Aeroacoustics of Airborne Wind Energy Systems

Abstract

Airborne wind energy systems offer a promising approach for renewable energy generation. However, the noise emissions associated with these systems should be understood and minimized as well to promote their integration and (social) acceptance. This research aims to identify the noise sources of airborne wind energy systems, systems with leading-edge inflatable (LEI) kites and fixed-wing kites in particular, and establish a foundation for future research in this field. Analytical simulations using the Brooks, Pope, and Marcolini model and the Amiet model were combined with experimental measurements for this research.

The analysis of the fixed-wing kite revealed prominent peaks around 1500 Hz and 2000 Hz in the noise spectra, with the higher frequency peak observed at higher kite velocities. Analytical predictions indicated laminar boundary layer vortex shedding and tether vortex shedding as the main noise sources.
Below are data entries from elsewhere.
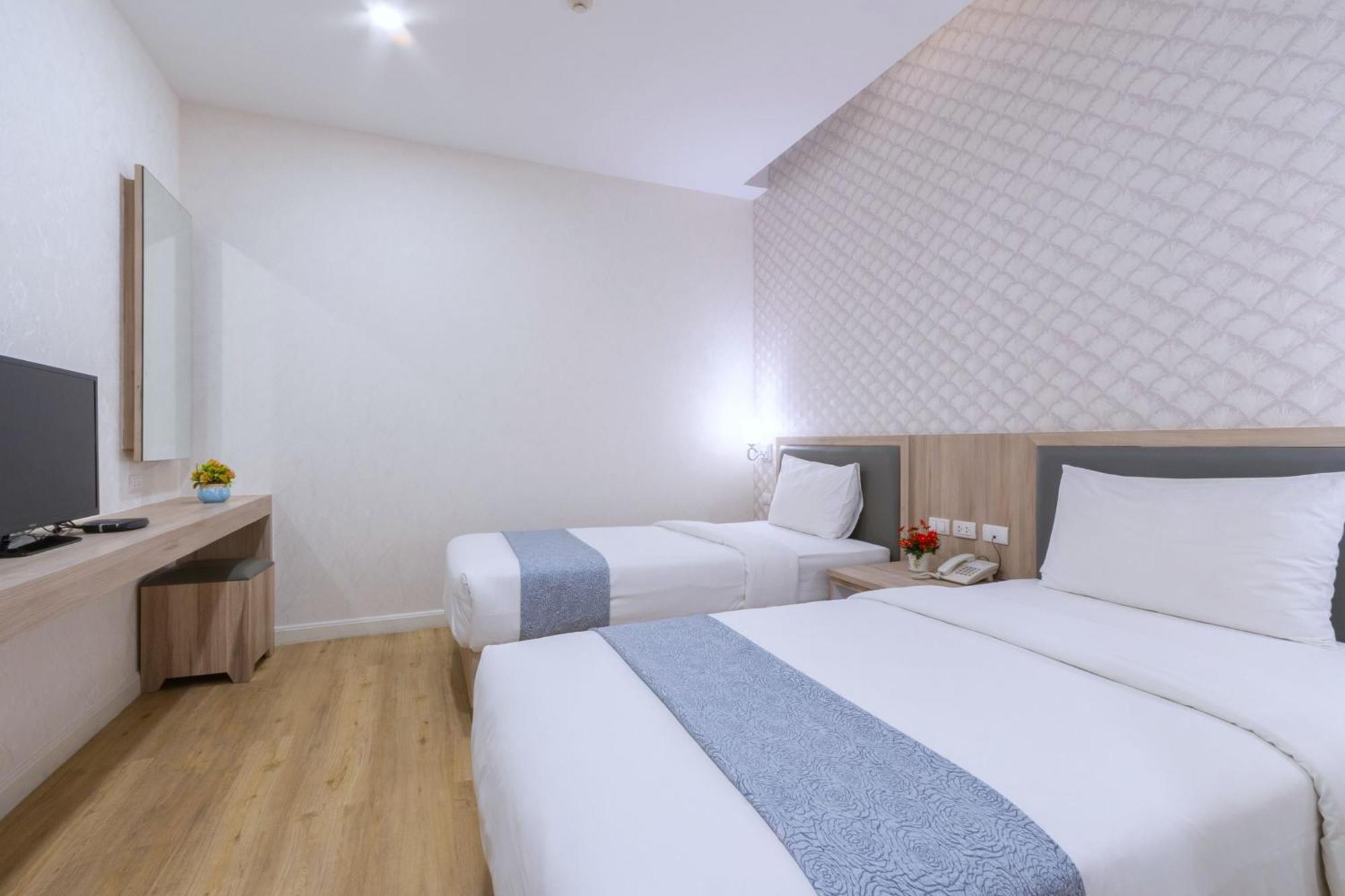 Hotel Leela Orchid Bangkok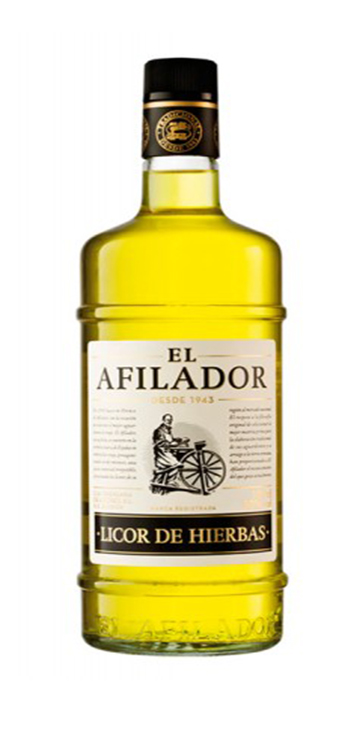 Herbal Liqueur Afilador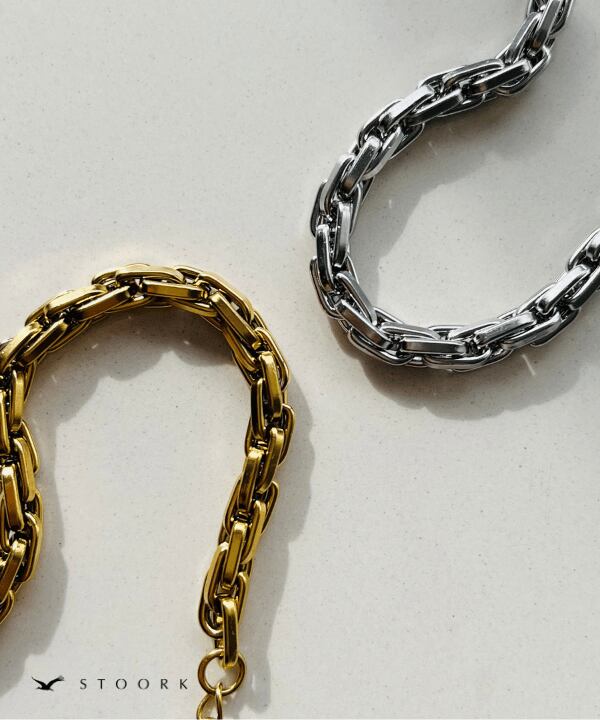 【再入荷】Spiga Chain Bracelet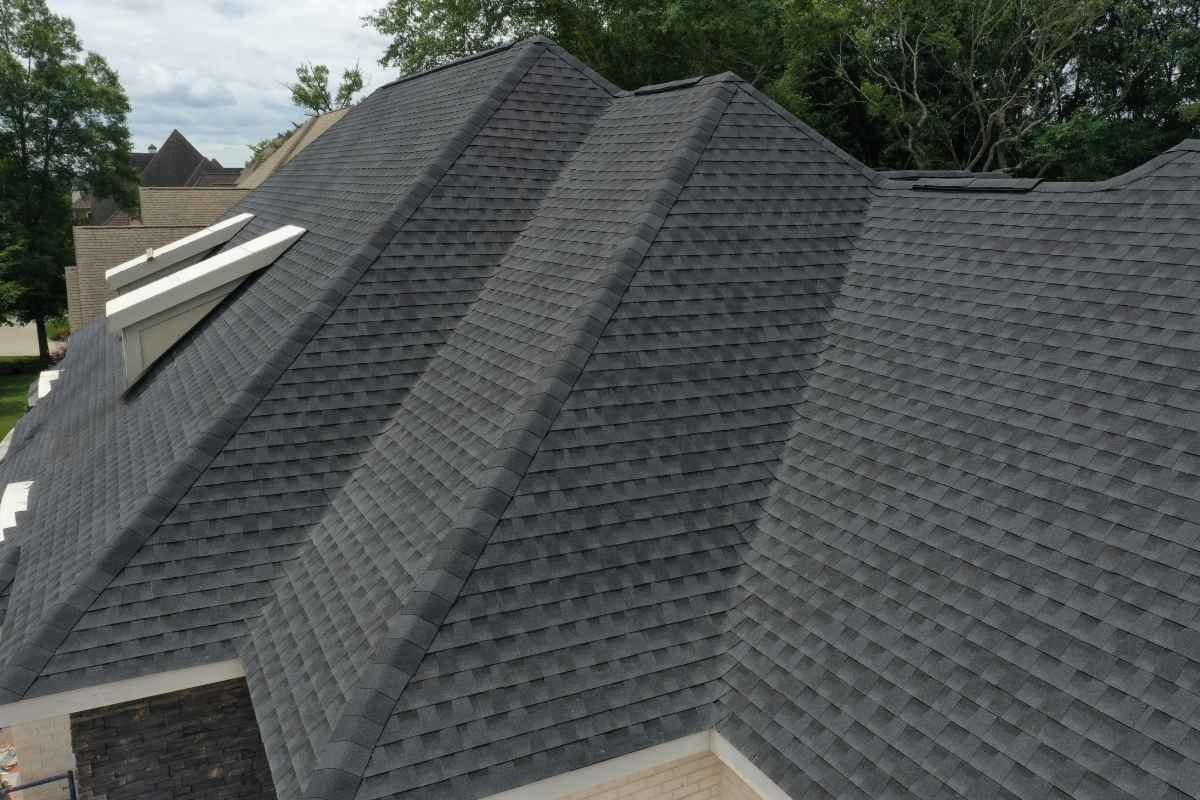 asphalt shingle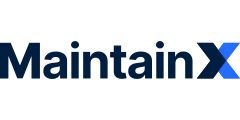 Logo MaintainX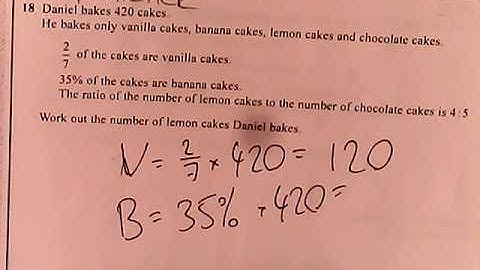 Q18F 4H June 2017 Paper 3 Fraction ratio percent of amount  Higher foundation crossover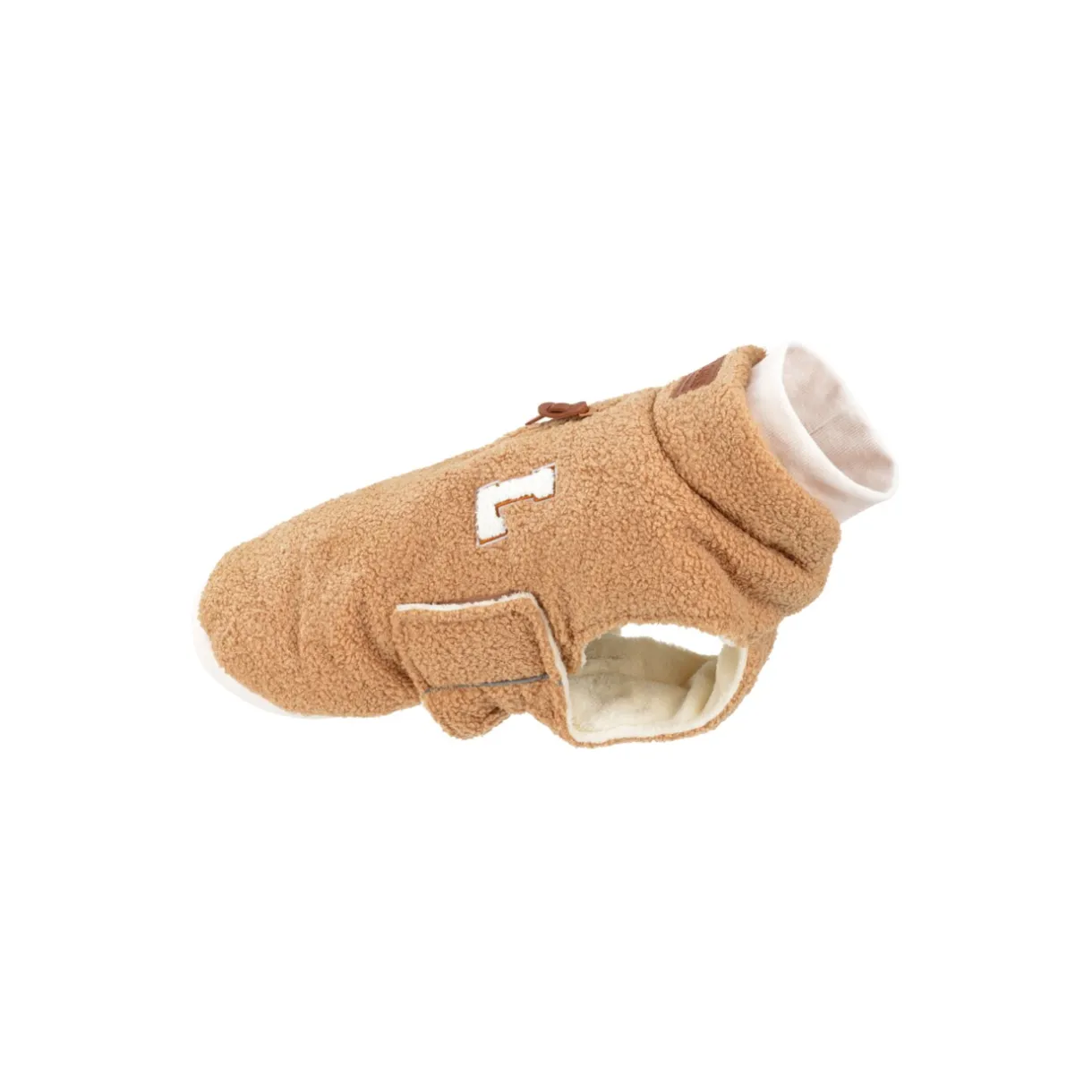 LOOKS by Wolfgang Joop Manteaux Pour Chien^LOOKS par Wolfgang Joop Manteau Teddy 24 cm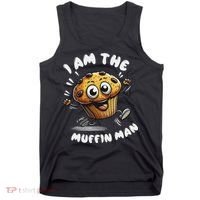 IM The Muffin Man! Muffin Tank Top thumb 0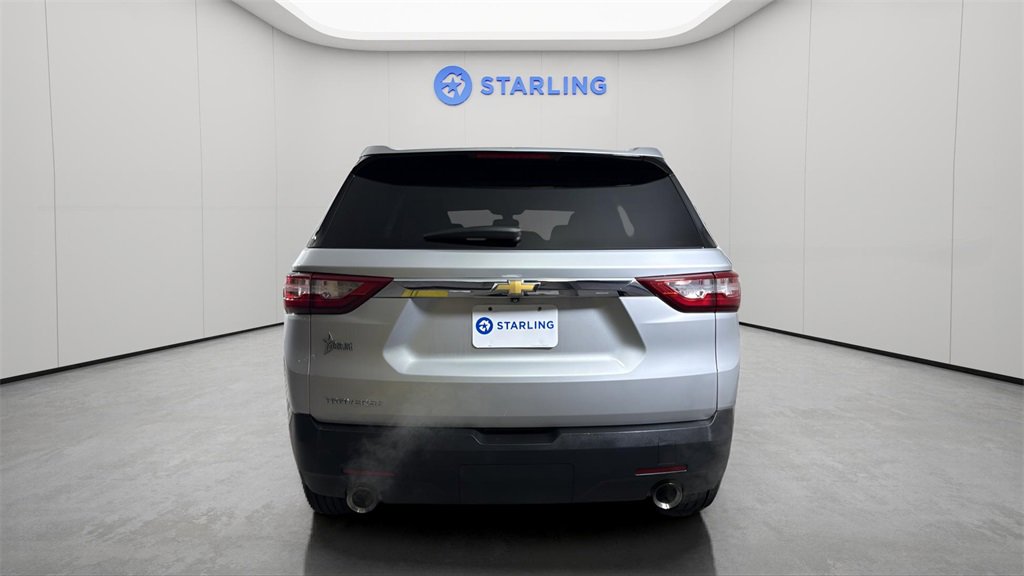 Used 2020 Chevrolet Traverse LS image 7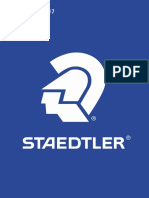 Staedtler Catalogue 2017 {STAEDTLER Catalogue Stationery 2017.1555398734}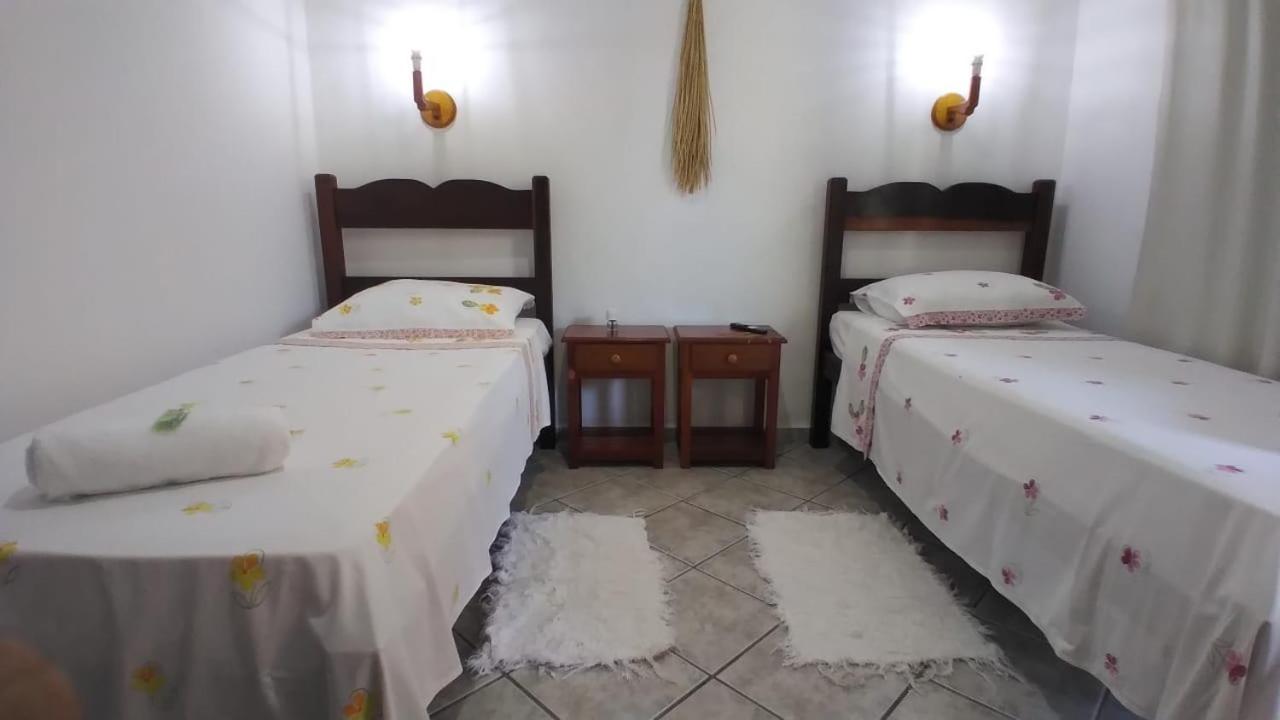 פאראטי Villa Do Sonho Pousada Hotel מראה חיצוני תמונה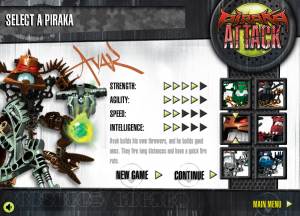 Piraka Attack One Player Avak.png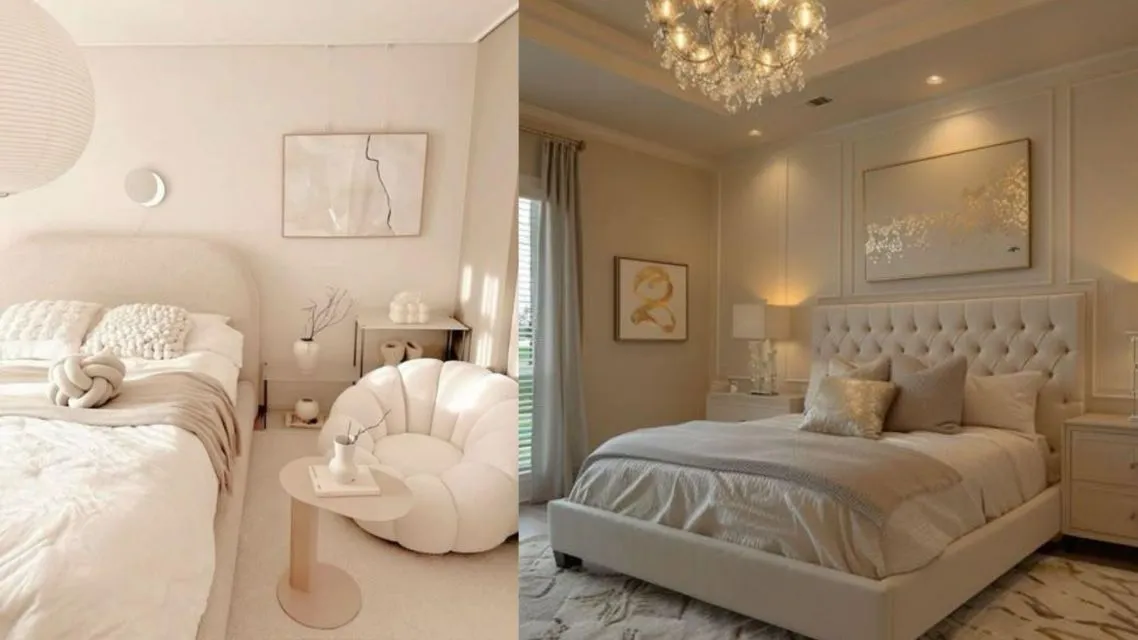 12 Inspirasi Warna Cat Kamar Cewek yang Bagus, Terkesan Cozy, Super Aesthetic dan Bikin Mood Auto Recharge 22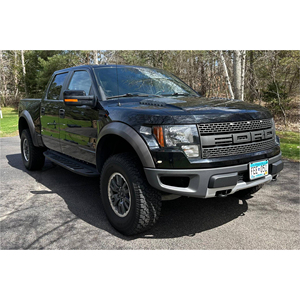 Ford F-150 SVT Raptor 2011 - Product Image 5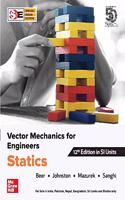 Vector Mechanics for Engineers - Statics (12th Edition, SIE)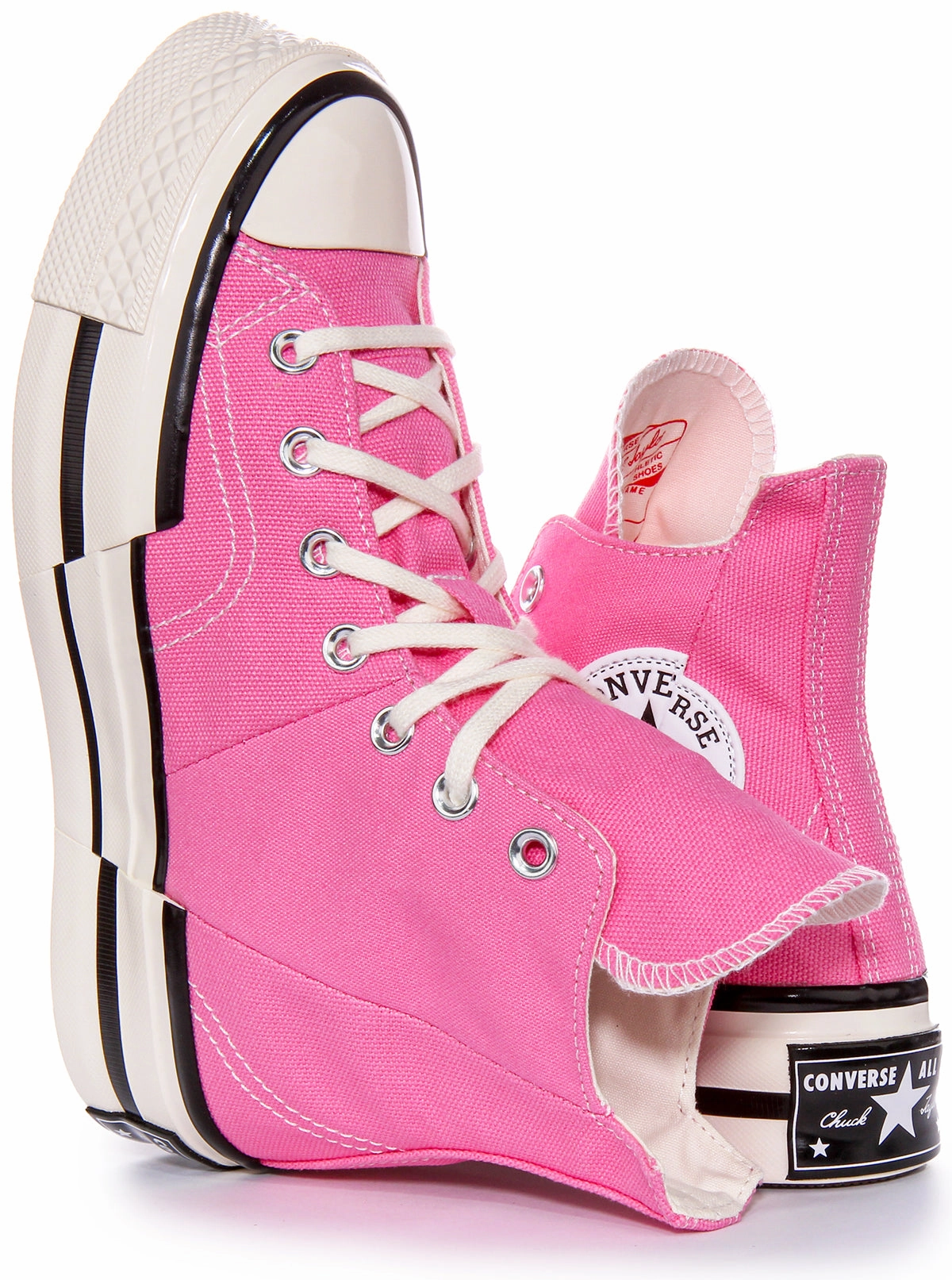 Timeless elegance Converse Chuck 70 Plus Hi A05466C In Pink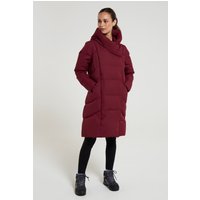 Cosy Wrap II Damen-Daunenjacke - Burgunderrot von Mountain Warehouse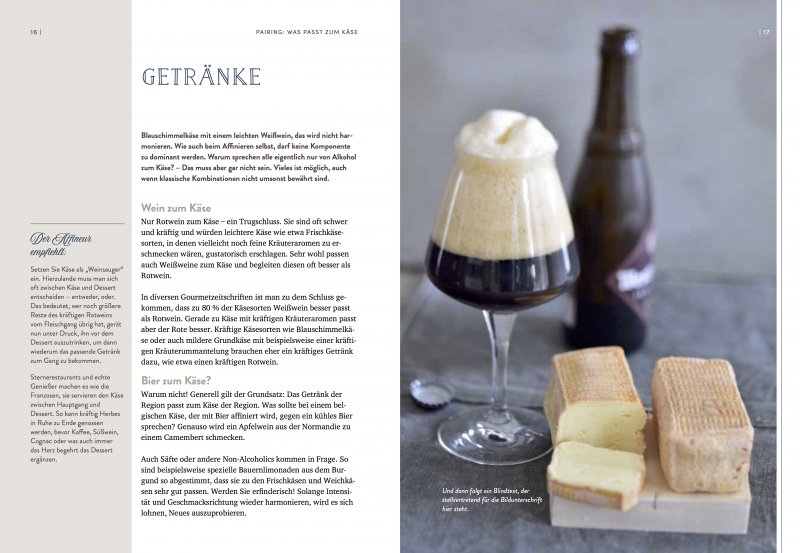 Limburger und Chocolate Stout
The study also investigated the directivity of the turbulent boundary layer trailing edge noise, which revealed dipoles that exhibited slight deformations at higher frequencies.

For the LEI kite, noise analysis identified peaks in the sound pressure level around 300-400 Hz and 1000-2000 Hz. Analytical predictions highlighted turbulent boundary layer trailing edge noise and vortex shedding from the tether and bridle lines as the dominant noise sources.

By considering the implications of these findings, the noise impact of airborne wind energy systems can be minimized, fostering their sustainable deployment and acceptance.